Publié le par Pascal

Voici donc les derniers articles consacrés à ma saga africaine.
J’ai décidé d’écrire au présent pour garder la sensation d’instantanéité de la narration.
C’est à peu près ainsi que je les aurais écrit si j’étais resté sur place en ces premiers jours d’avril 2007.



C’est tout haletant et perlant de sueur que j’arrive ce matin in extremis à l’une des multiples stations de taxis-bus collectifs de Kigali. Uzie, mon ami du premier jour m’attend déjà, presque nerveusement. Nous partons tous les deux pour Kibuye, la deuxième station balnéaire du pays après Giseyni, située sur les bords du lac Kivu. Je pars à l’assaut des mille collines rwandaises tandis que lui part rejoindre le camp de réfugiés dans lequel il travaille.

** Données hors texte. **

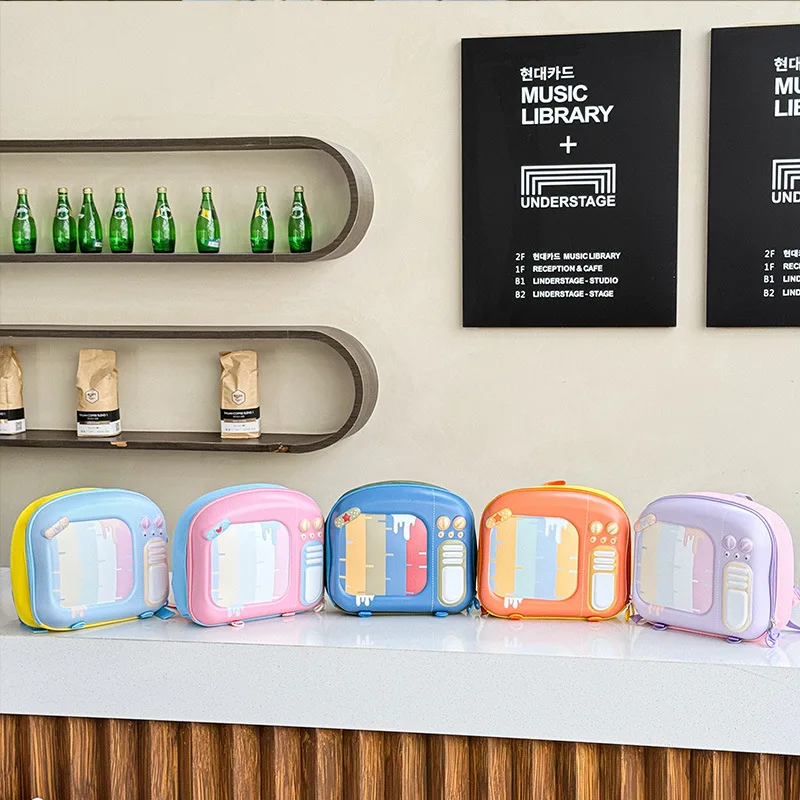 

Retro Kindergarten Toddler Backpack Kids Backpacks for Boy Trendy Backpack Cute Backpacks School Bags Designer Bags Mochila Sac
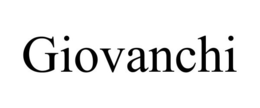 GIOVANCHI trademark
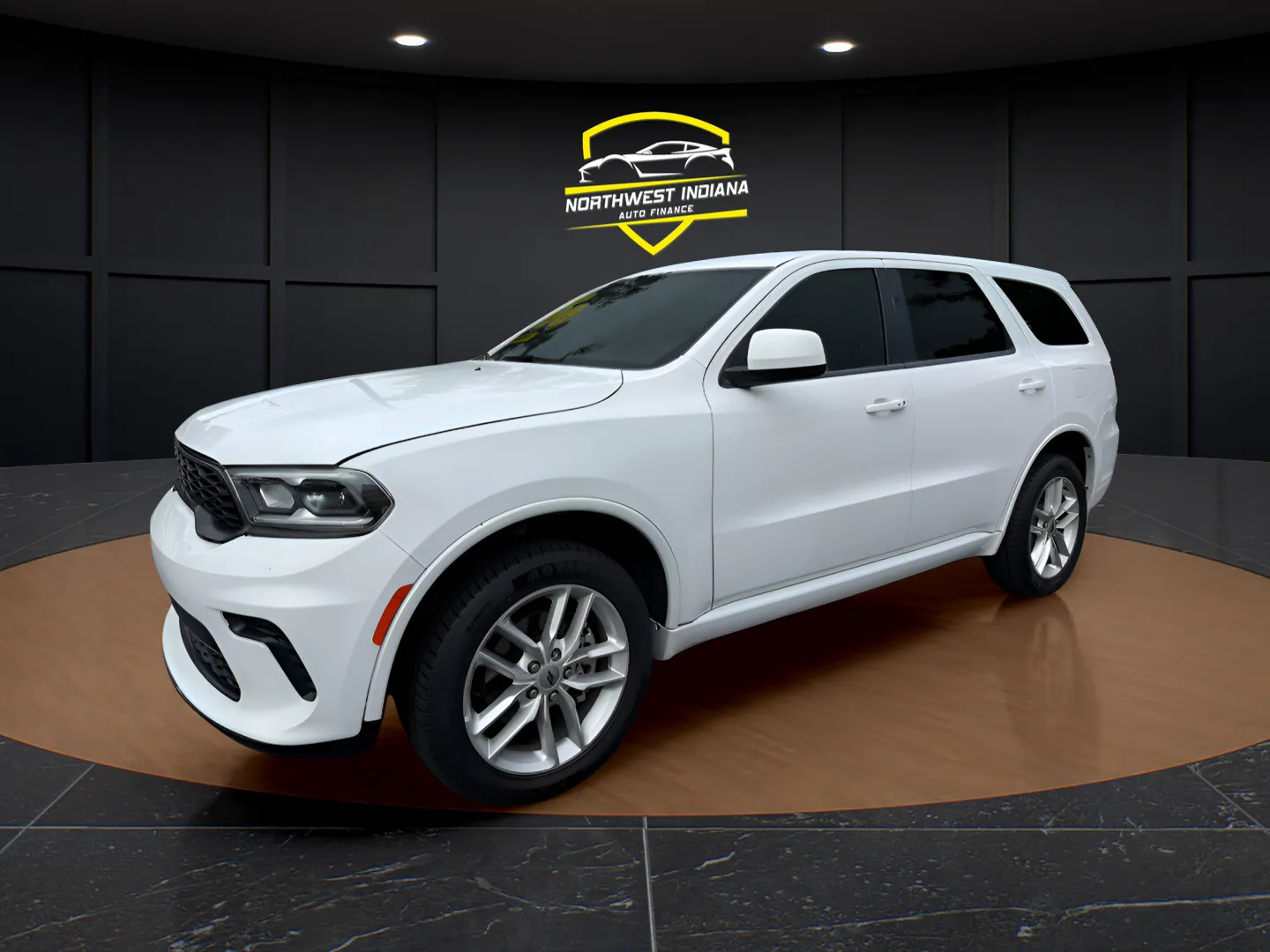 White 2022 DODGE DURANGO GT for sale in Schererville, IN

Nous arrivons quelques heures plus tard au lieu-dit. Un transbahutement rapide de toute ma cargaison en moto et me voici sur les bords du fameux lac. Je prends possession d’une chambre délicieusement agréable avec une somptueuse terrasse fleurie en rouge et jaune donnant directement dessus. Un peu de confort ne me fera pas de mal après la chambre spartiate de la cathédrale St Paul.
Le lac, aux impressions de lac Léman, est très large, mais l’on devine quand même les rives congolaises de l’autre coté. Je n’ai jamais été aussi près de ma chère Tante, missionnaire en RDC (ex-Zaïre) à Butembo. J’ai hâte de la retrouver et de connaître enfin les paysages, les forêts, les habitants dont elle m’a si souvent parlé dans mon enfance lorsqu’elle revenait en Europe les poches pleines d’objets en ivoire et autres œuvres de l’artisanat local. Qui sait combien d’éléphants zairois ont bercé mes nuits de leurs barissements? Combien de forêts primaires ont revêtus oniriquement les scissures de mes circonvolutions cérébrales ? Combien de pygmées ont lancé des flèches gorgées de curare pour mieux m’endormir ?

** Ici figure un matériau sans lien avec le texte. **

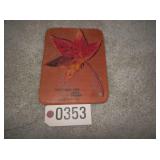 Sweet Gum Leaf 1985-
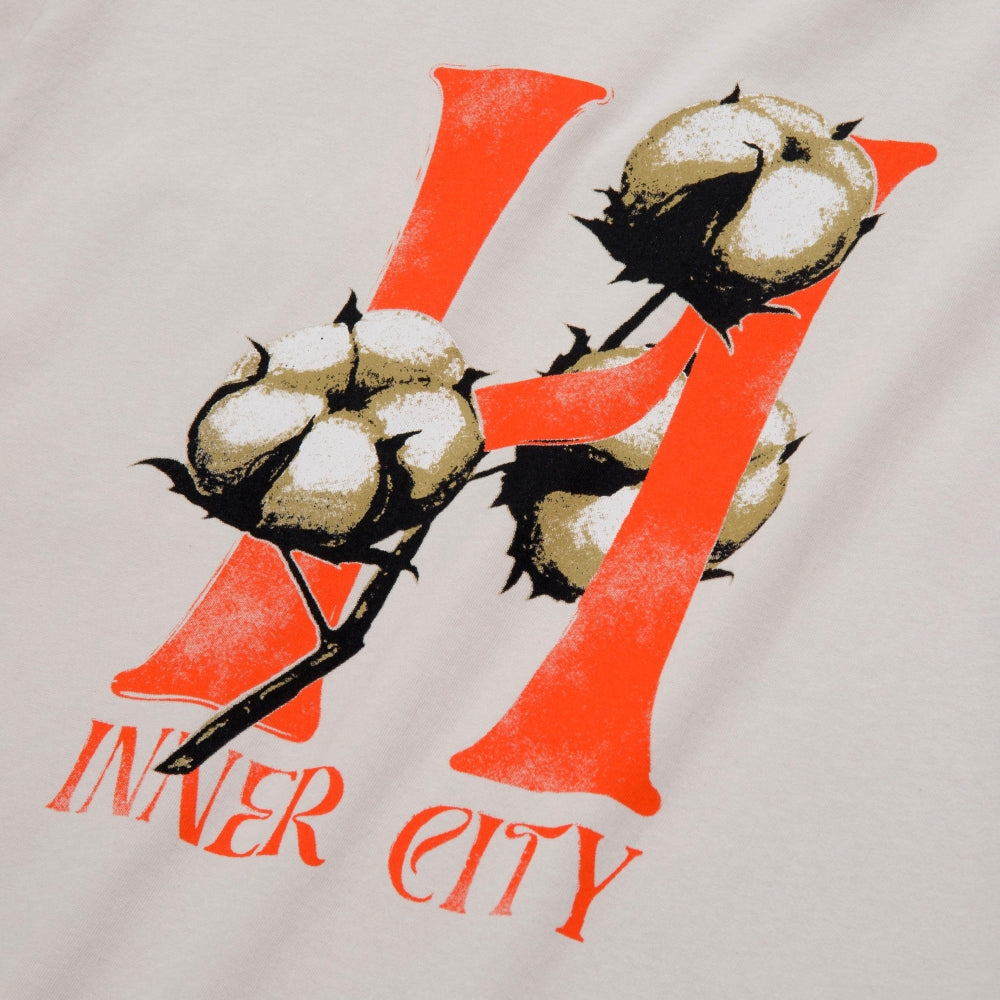 HONOR THE GIFT Cotton Short Sleeve T-Shirt for Men - Soft Sand Color Casual Tee - Perfect for Everyday Wear, Gym & Street Style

Mais l’heure n’est pas encore aux congolaiseries, l’heure est à la baignade et à mon dépucelage de lac africain. Il y a deux règles à suivre dans les parages : être sûr qu’il n’y a pas de bilharziose (de gentils et invisibles petits parasites qui pénètrent dans votre corps par la peau et qui restent vos hôtes jusqu’à la fin de vos jours, charmante compagnie s’il en est), et être sûr qu’il n’y a pas de gaz volcaniques souterrains qui risqueraient de vous donner envie de rejoindre une douce sirène dans les fonds aquatiques. Le Kivu semble exempt de tous ces risques.




Je plonge ! L’eau est parfaitement chaude, mais un rapide coup d’œil sous la surface suffit à me faire comprendre la profondeur dangereuse du lac. Je patauge confortablement une trentaine de minutes en prenant soin de ne pas trop m’éloigner du bord pour éviter toute rencontre réelle ou imaginaire, avec une créature dérangée dans sa demeure abyssale par un petit blanc bec  de passage.
Puis je me morfonds sur une chaise, happé par le silence envoûtant de la lumière mourante. Le soleil se couche sans un bruit, comme s’il avait le souci de ne plus jamais réveiller l’obscurité du monde. Mais le poids des Ténèbres passées est si fort que même le lac Kivu, aussi profond soit-il, ne peut contenir tout le Noir enfoui dans le cœur des hommes.

 

Dans le mien, le monstre se réveille par la lecture de « l’Inavouable » le livre bouleversant de Patrick de St Exupéry, qui démontre point par point et de façon incontestable, l’implication de la France dans le génocide. On y apprend :
• Comment les militaires français, lorsqu’ils arrivèrent avec leurs chars, furent applaudis et loués par une foule d’hommes, les vêtements et les machettes encore tout imbibés de sang.
• Comment la France a reçu officiellement à Paris, des membres du gouvernement génocidaire alors qu’au même moment des milliers de tutsis tombaient encore chaque jour.
• Comment la France a livré des armes avant, PENDANT et APRES le génocide au régime Hutu.
•  Comment la France a exfiltré certains hauts dignitaires génocidaires.
• Comment la France a participé avec la communauté internationale à la plus grande et absurde esbroufe humanitaire qu’il ait pu exister : les camps de réfugiés de GOMA où se sont pressés, avec notre aide et sous nos regards attendris et compatissants, quelques millions …..de Hutus dont beaucoup avaient participé activement ou passivement au génocide.
• Comment la France a vendu son âme au Diable, et l’âme de près d’un millions d’innocents, simplement au nom de la défense de la Francophonie.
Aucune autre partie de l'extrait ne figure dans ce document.